Some Eclipse Foundation services are deprecated, or will be soon. Please ensure you've read this important communication.

Bug 348635

Summary: Resource manager connections closing for no apparent reason
Product: [Tools] PTP Reporter: Greg Watson <g.watson>
Component: Remote ToolsAssignee: Greg Watson <g.watson>
Status: RESOLVED FIXED QA Contact:
Severity: normal    
Priority: P3 CC: arossi
Version: 5.0   
Target Milestone: 5.0.4   
Hardware: Macintosh   
OS: Mac OS X   
Whiteboard:

Description Greg Watson CLA 2011-06-07 15:46:21 EDT
For some reason, resource manager connections are closing spuriously causing the RM to transition to the stopped state.

Worse, Al has observed this on RMs that use completely independent connections, which points to some underlying problem in the remote tools framework.

This is extremely difficult to debug as it only occurs sporadically, but nevertheless has a major impact on usability.
Comment 1 Albert L. Rossi CLA 2011-06-07 16:05:14 EDT
I have observed the following behavior.

If I open three new RMs which have associated LML drivers (remote polling done once a minute), and follow this sequence of actions, I get the reported error below.

1. RM1 on Connection1 to host A
2. RM2 on Connection2 to host B
3. RM3 on Connection2 to host B

1. RM1 submits a job to the scheduler.
2. RM2 submits a job to the scheduler.
3. RM3 submits an "interactive" pseudoTerminal session in order to use the -I option on the scheduler.

When the job on RM1 completes, I activate a context menu action which attempts to stream the output file to the console.  The connection on the head node of A seems to be slow or the head node has a high load, so this stream can take up to minute even though the amount being streamed is not considerable (50-100k).  Because this overlaps with the next polling from the other two drivers, they attempt to run in the meantime.  But when the streaming completes (successfully; the output arrives in its entirety at the console), one of the other two RMs, usually the interactive one, reports a "pipe closed" and the RM goes into error mode.  It can be terminated, but the tread doing the polling needs to be canceled separately using the progress bar.
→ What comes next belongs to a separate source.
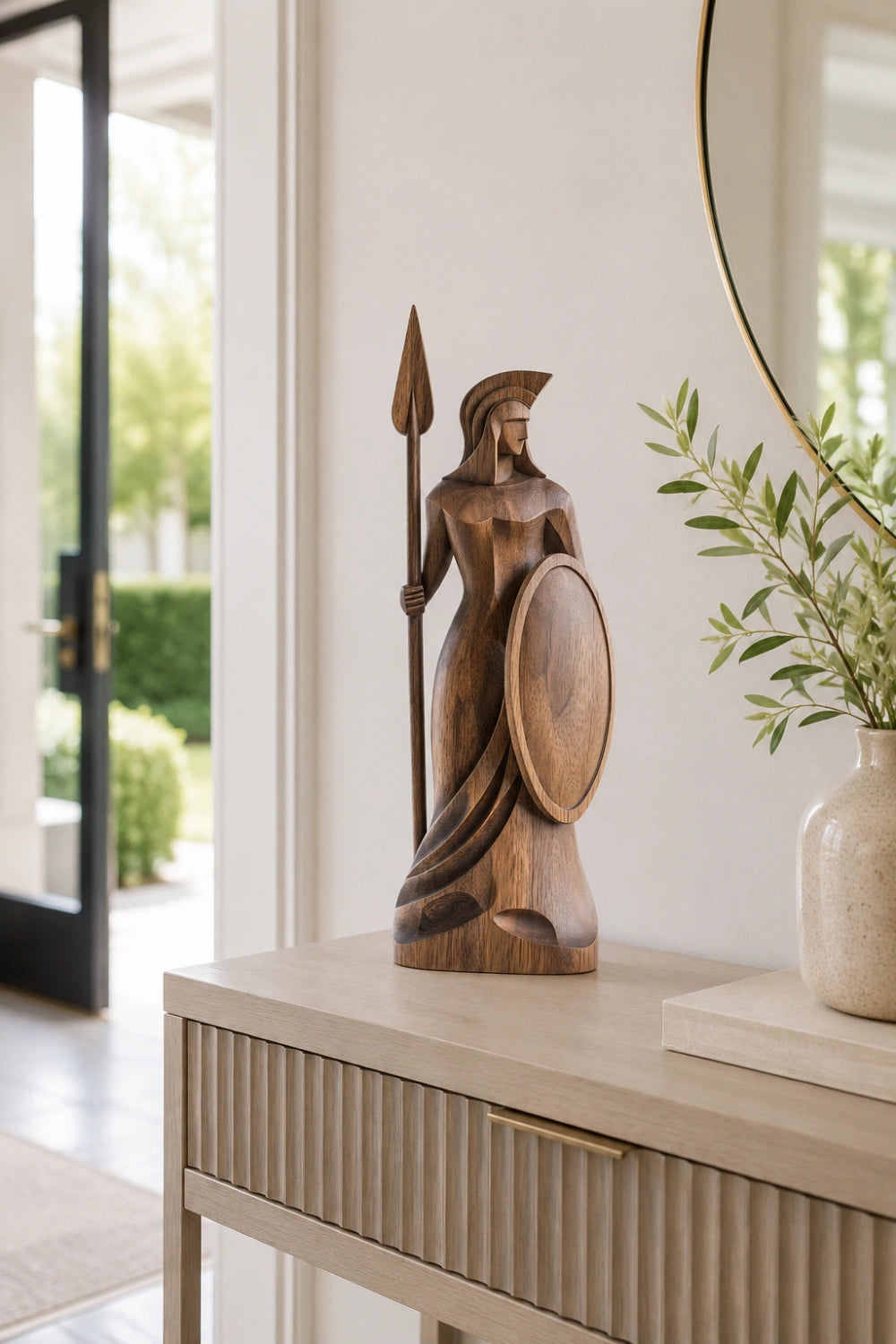 Classical Female Warrior Wood Statue | Heroic Antiquity Art Decor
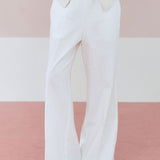Linen blended string pants Ivory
This looks like something at the level of connection is being shared that shouldn't be.

Al
Comment 2 Albert L. Rossi CLA 2011-06-08 16:56:43 EDT
Running on separate connections greatly reduces the chance of this happening, but it still does seem to pop up occasionally.

My gut feeling is that there is some non-thread-safe behavior in the underlying JSch classes.

Al
Comment 3 Greg Watson CLA 2011-06-08 16:58:15 EDT
This issue looks like Remote Tools connections are not thread safe for remote processes. I'm not sure if this is in Remote Tools or Jsch. The work around is to use separate connections for each RM. Lowering severity to normal and moving to Remote Tools. This will need to be fixed in an update release.
Comment 4 Albert L. Rossi CLA 2011-06-08 16:58:34 EDT
Also, the original diagnosis that it had to do with the long I/O read was a red herring.  It will happen on the boot of the LML driver if you share a connection between RMs.

Al
Comment 6 Greg Watson CLA 2011-10-18 12:04:12 EDT
I've added a fix that synchronizes the call to channel.connect(), which seems to fix the use of RemoteProcessBuilder from multiple threads. My tests are not showing any issues with this fix, but because this is a concurrency issue there may still be problems that manifest from time to time.

Closing as fixed in ptp_5_0 and HEAD.